WHAT IS EXPECTED:
Write out, word for word, each line from the start of the entries through the one holding "Fantasia de Cosplay"; omit the pictures.

Pictures with short captions:
★ ★ ★ ★ ★
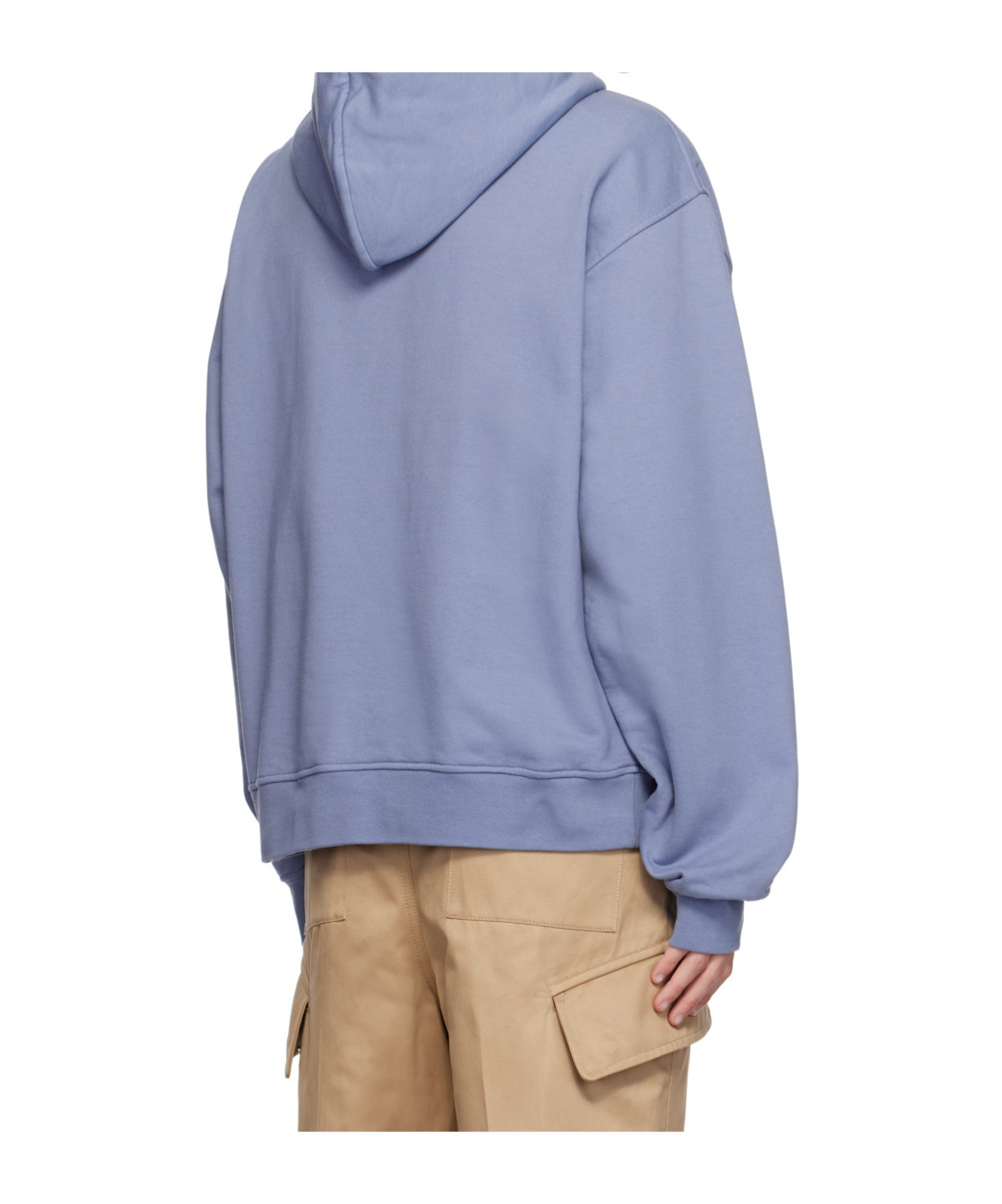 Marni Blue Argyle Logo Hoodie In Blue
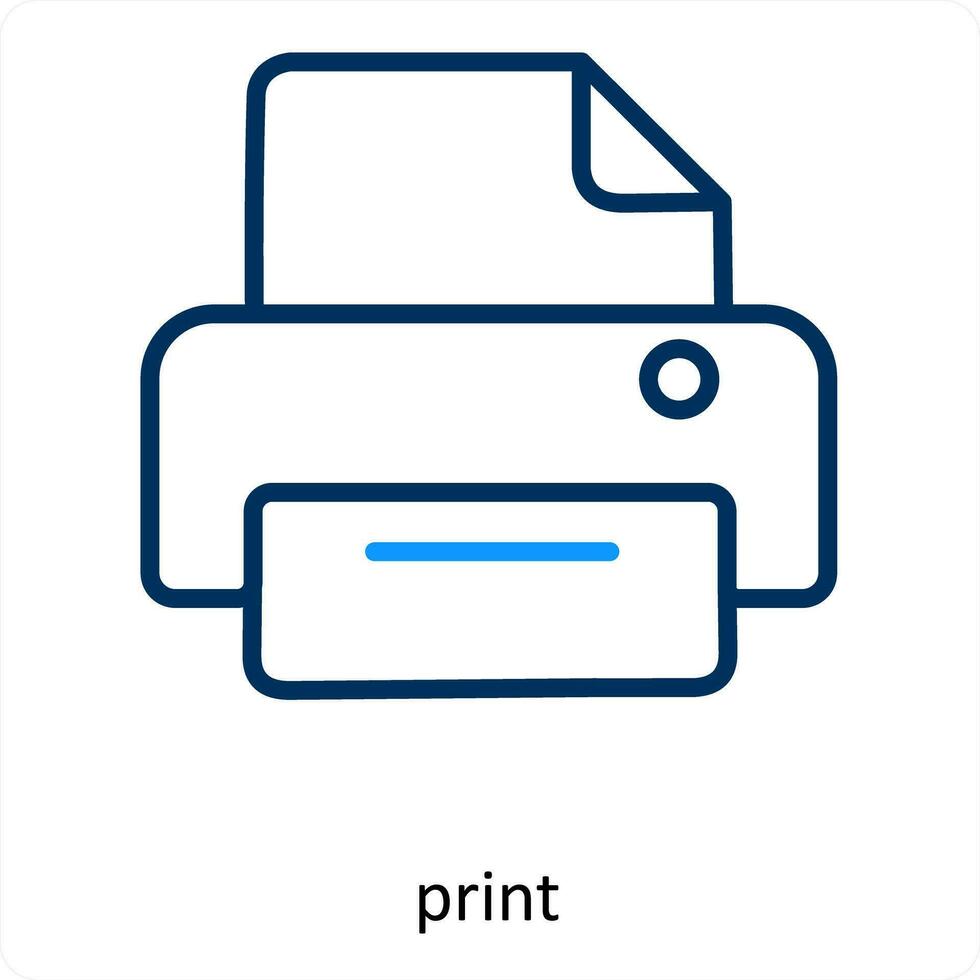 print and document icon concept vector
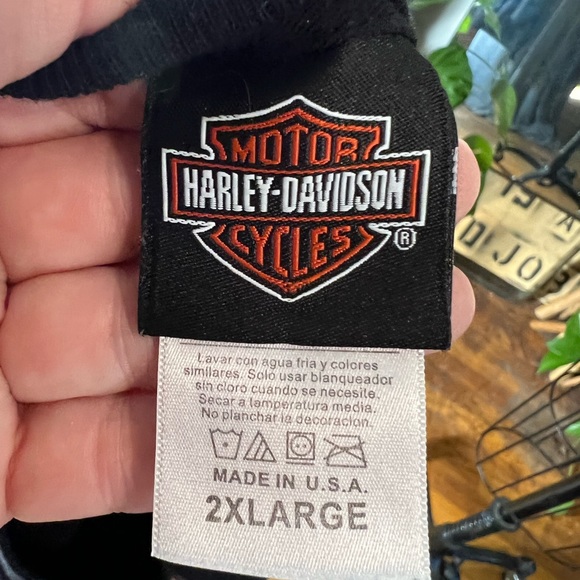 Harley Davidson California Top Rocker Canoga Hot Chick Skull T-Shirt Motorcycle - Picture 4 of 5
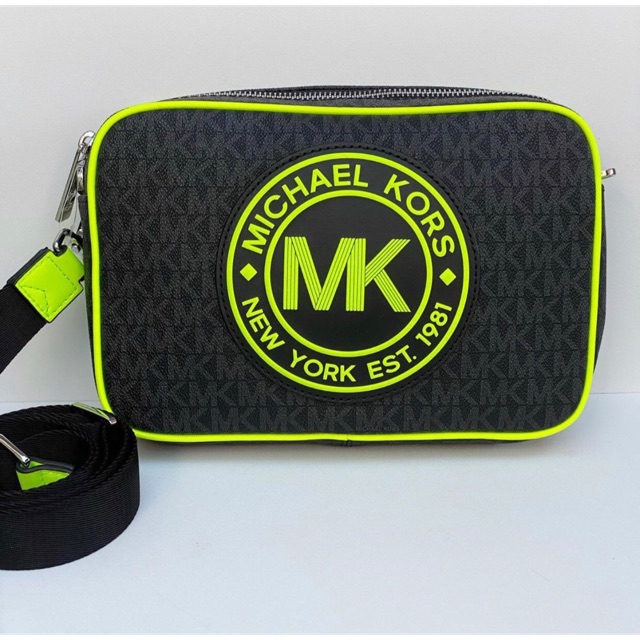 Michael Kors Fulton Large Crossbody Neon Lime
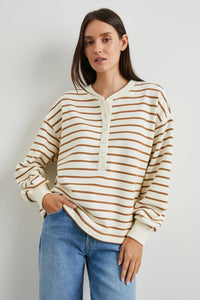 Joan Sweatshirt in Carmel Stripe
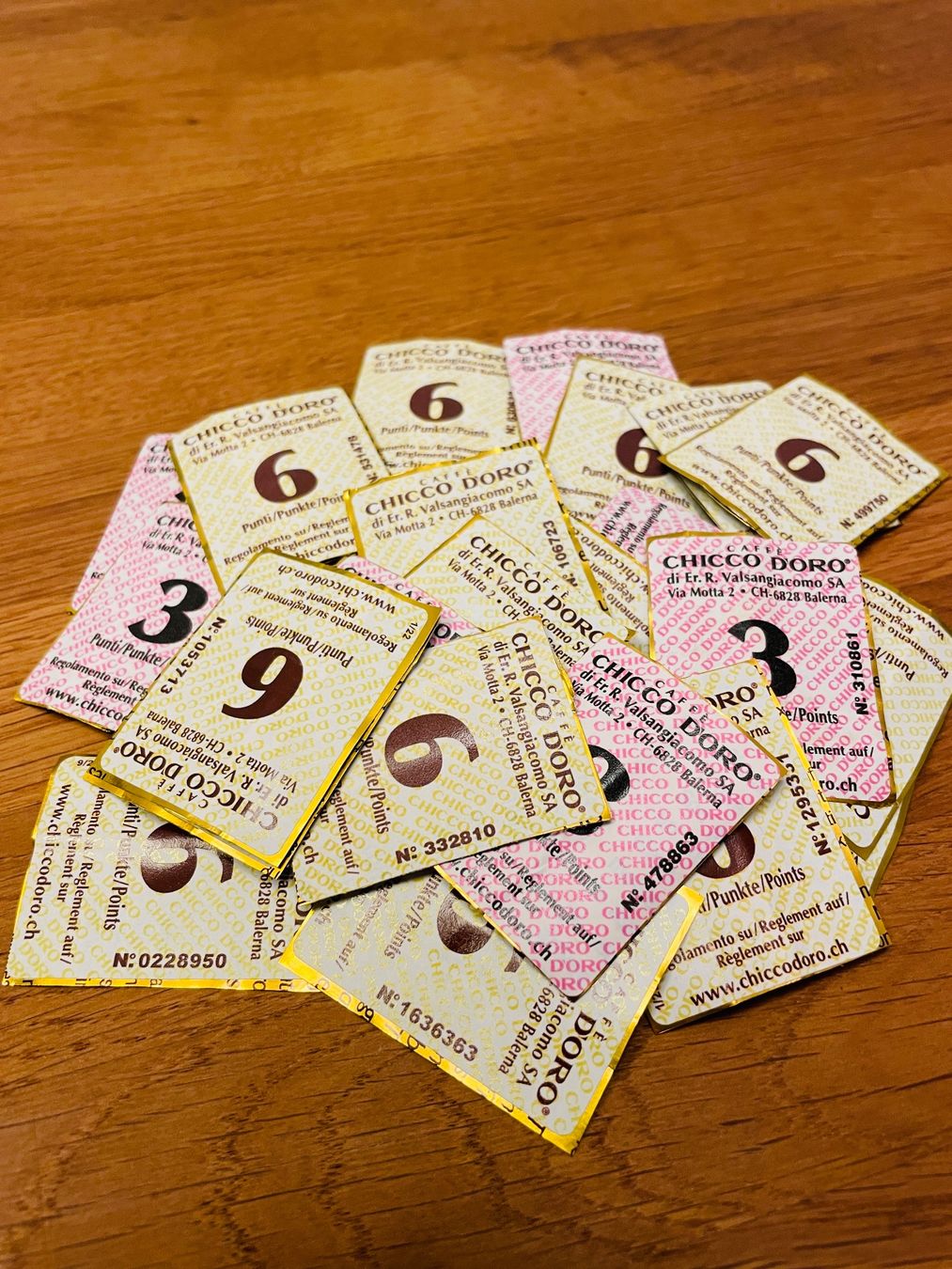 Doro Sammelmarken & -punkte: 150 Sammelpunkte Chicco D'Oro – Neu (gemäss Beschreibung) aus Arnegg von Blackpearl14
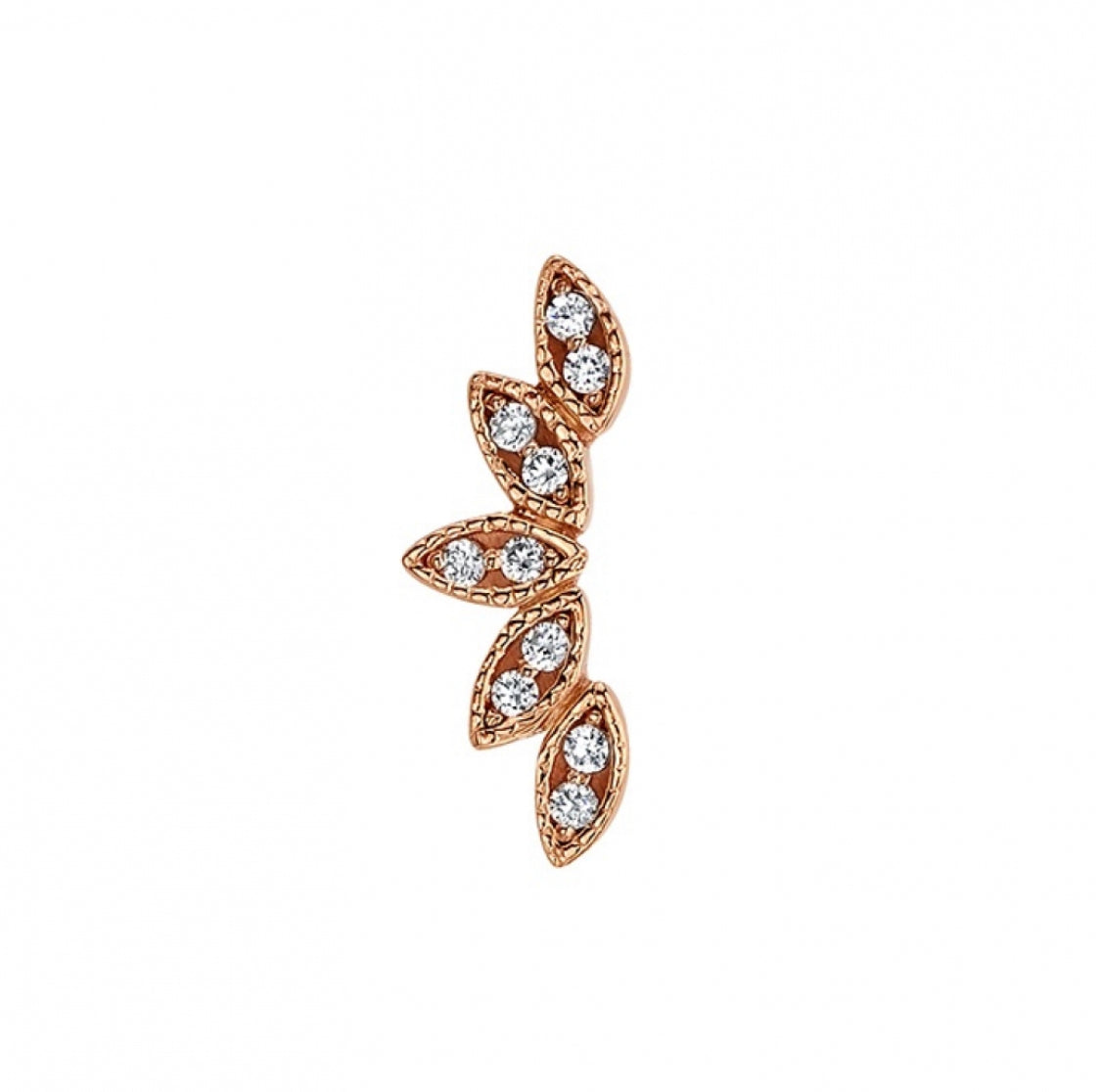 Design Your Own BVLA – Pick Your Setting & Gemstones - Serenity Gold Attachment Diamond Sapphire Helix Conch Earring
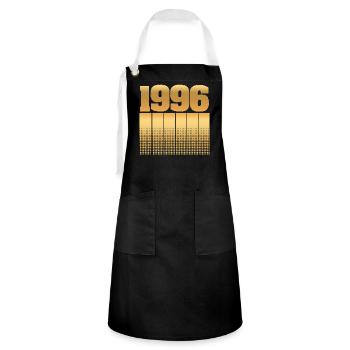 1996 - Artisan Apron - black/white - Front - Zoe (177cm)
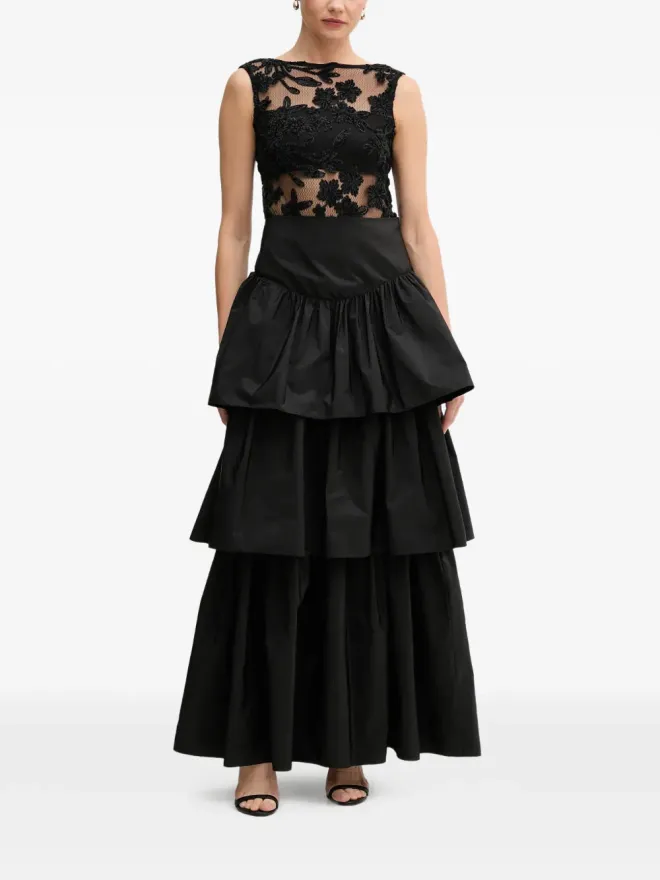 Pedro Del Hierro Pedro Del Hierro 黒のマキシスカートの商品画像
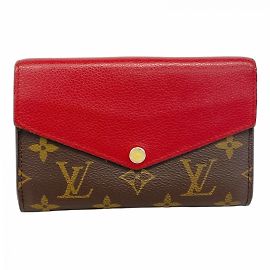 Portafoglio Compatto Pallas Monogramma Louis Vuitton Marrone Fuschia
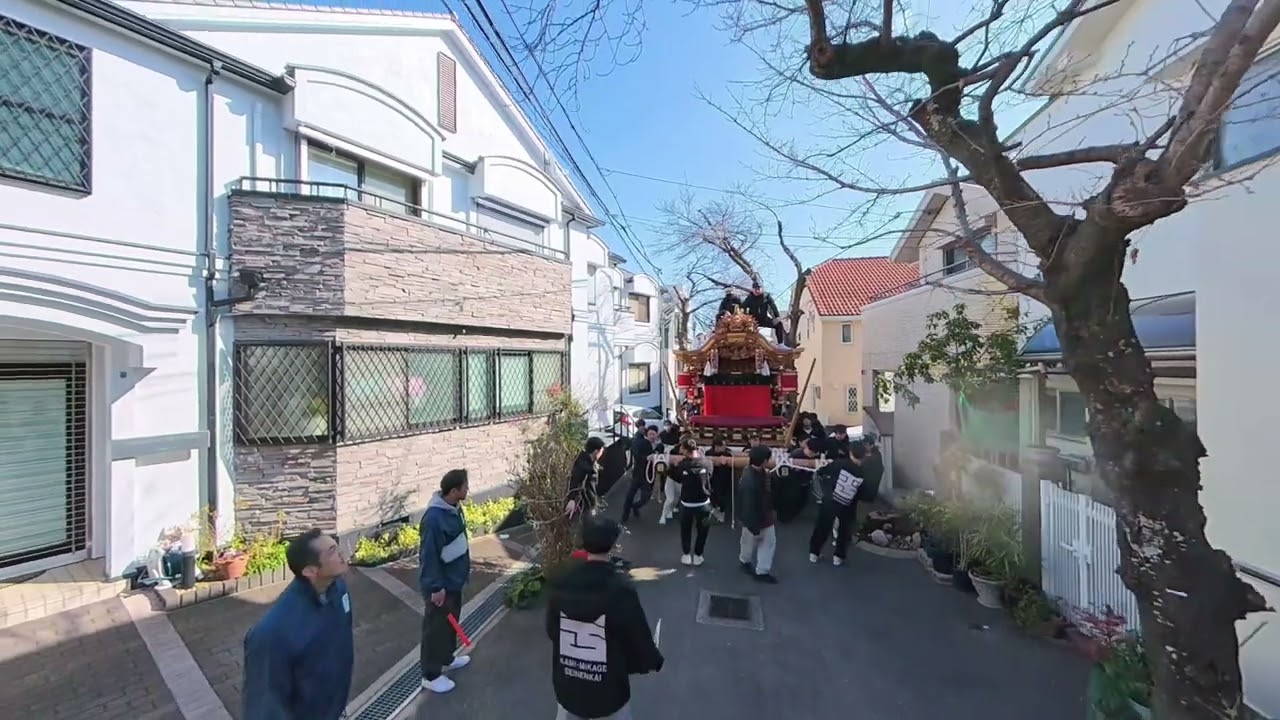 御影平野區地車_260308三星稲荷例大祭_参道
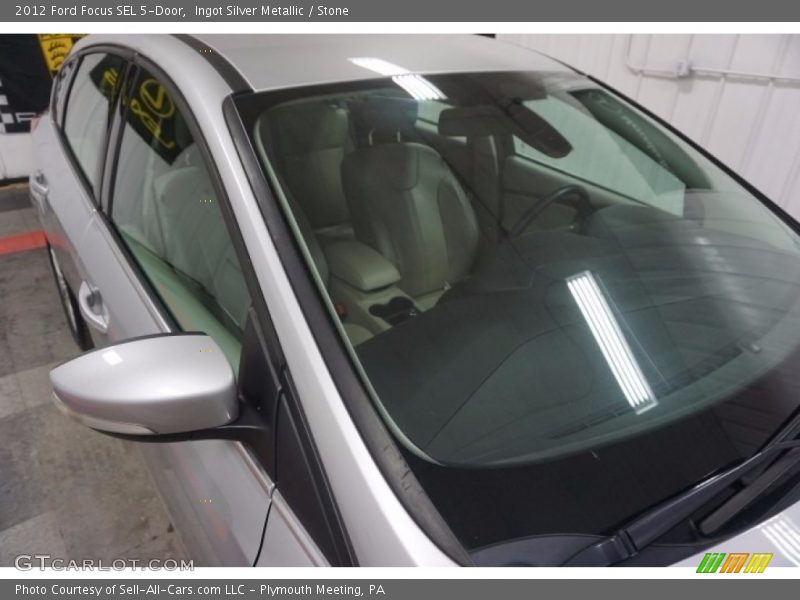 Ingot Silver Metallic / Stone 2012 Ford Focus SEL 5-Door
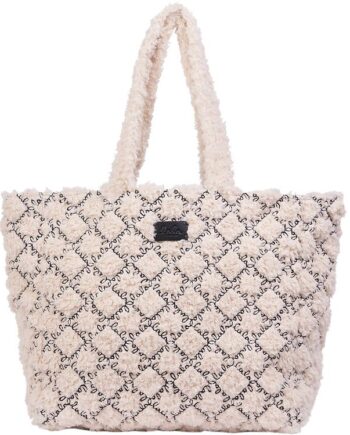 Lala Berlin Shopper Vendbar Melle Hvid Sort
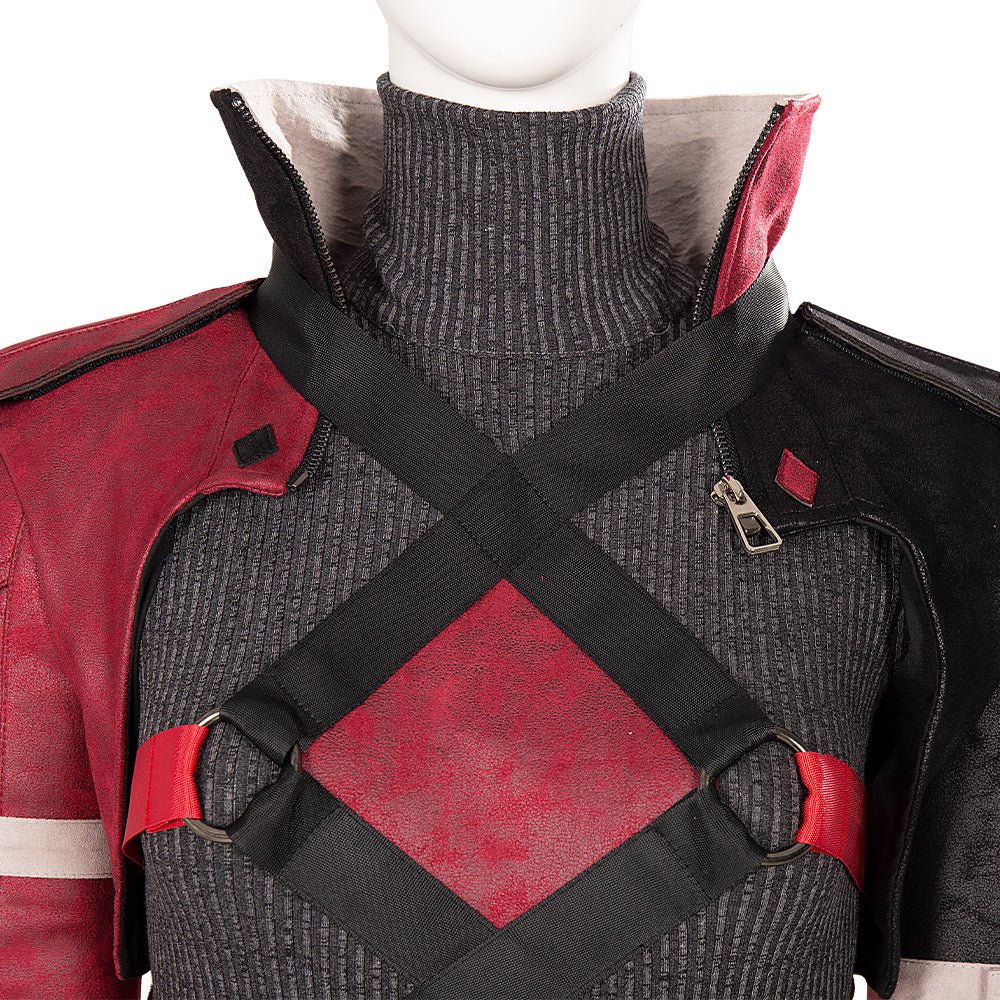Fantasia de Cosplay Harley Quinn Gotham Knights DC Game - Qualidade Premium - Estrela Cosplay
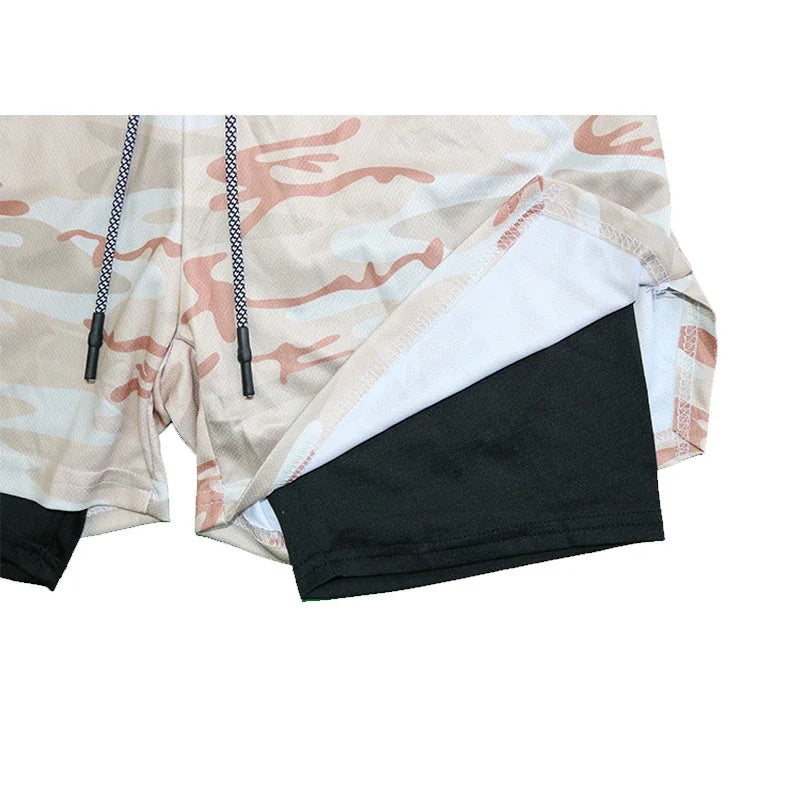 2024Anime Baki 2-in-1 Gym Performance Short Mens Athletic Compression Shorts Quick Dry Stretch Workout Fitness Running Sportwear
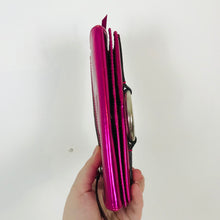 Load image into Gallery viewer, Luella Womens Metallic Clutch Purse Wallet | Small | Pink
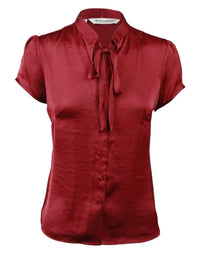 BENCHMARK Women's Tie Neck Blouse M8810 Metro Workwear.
★ ★ ★ ★ ★
FINAL ANSWER:
 Marni Blue Argyle Logo Hoodie In Blue
 print and document icon concept vector
 Harley Davidson California Top Rocker Canoga Hot Chick Skull T-Shirt Motorcycle - Picture 4 of 5
 Michael Kors Fulton Large Crossbody Neon Lime
 Joan Sweatshirt in Carmel Stripe
 Doro Sammelmarken & -punkte: 150 Sammelpunkte Chicco D'Oro – Neu (gemäss Beschreibung) aus Arnegg von Blackpearl14
 Design Your Own BVLA – Pick Your Setting & Gemstones - Serenity Gold Attachment Diamond Sapphire Helix Conch Earring
 1996 - Artisan Apron - black/white - Front - Zoe (177cm)
 Pedro Del Hierro Pedro Del Hierro 黒のマキシスカートの商品画像
 Portafoglio Compatto Pallas Monogramma Louis Vuitton Marrone Fuschia
 御影平野區地車_260308三星稲荷例大祭_参道
 Ingot Silver Metallic / Stone 2012 Ford Focus SEL 5-Door
 Lala Berlin Shopper Vendbar Melle Hvid Sort
Fantasia de Cosplay Harley Quinn Gotham Knights DC Game - Qualidade Premium - Estrela Cosplay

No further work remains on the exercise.